Delay to data updates in Answers, Pages, Live API
Incident Report for Yext
Postmortem

Summary

On March 30th, beginning at 4:42 p.m. ET, Yext engineers began tracking degradations in our backend events system. These degradations, caused by high loads, delayed the propagation of data updates from the Knowledge Graph to downstream services such as Answers, Pages, and the Live API. Mitigations were implemented to alleviate server load, and the system recovered to an operational state at 8:25 p.m. ET. At this point, the system was allowed to process the backlog of data updates.

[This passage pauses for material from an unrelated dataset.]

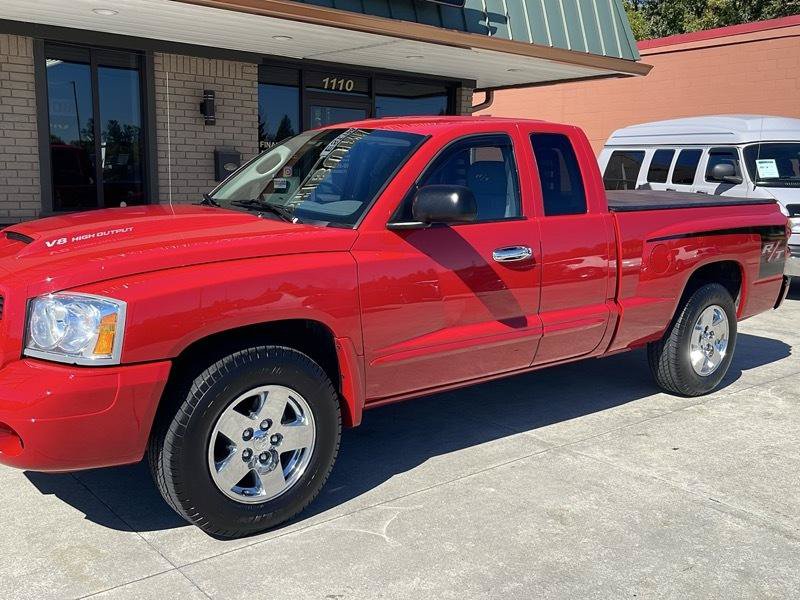 Used 2006 Dodge Dakota SLT w/ R/T Group AWD/4WD image 2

The following morning, on March 31st, the events system suffered a critical failure at 4:35 a.m. ET, causing outages in the Customer Portal. Engineers restored the system and all services at 5:23 a.m. ET.

Remediation

We are immediately prioritizing previously planned work to upgrade our events system for greater resilience under high loads, and improved monitoring work is already underway to give us more visibility for the system.

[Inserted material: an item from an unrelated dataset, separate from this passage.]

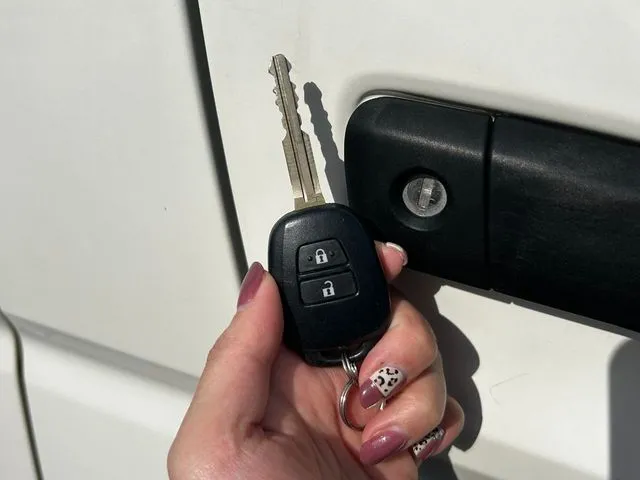 ハイエースバン　２ＷＤ（トヨタ）の車両写真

Posted Apr 08, 2021 - 08:53 EDT

Resolved
This incident has been resolved.
Posted Mar 31, 2021 - 10:38 EDT
Monitoring
Pending data updates have been applied and we will monitor overnight for any additional issues.
Posted Mar 31, 2021 - 01:25 EDT
Update
Mitigations have been implemented for our events system and we are beginning to process the backlog of events. We will be monitoring closely as events are processed for any regressions in the system.
Posted Mar 30, 2021 - 21:41 EDT
Update
We are continuing to work on mitigations for our backend events system, and have also identified additional impact on our Self Serve flows and Configuration as Code systems. We will update as soon as we have more information.
Posted Mar 30, 2021 - 18:44 EDT
Identified
Starting about 15 minutes ago, our backend events system entered a degraded mode of operation due to elevated load. Data updates made to the Yext Knowledge Graph may not have propagated to Answers, Pages, or the Live API. Engineers are working to mitigate the issue and apply all pending data updates.
Posted Mar 30, 2021 - 16:59 EDT
This incident affected: Content (Content API) and Pages (Pages Generation).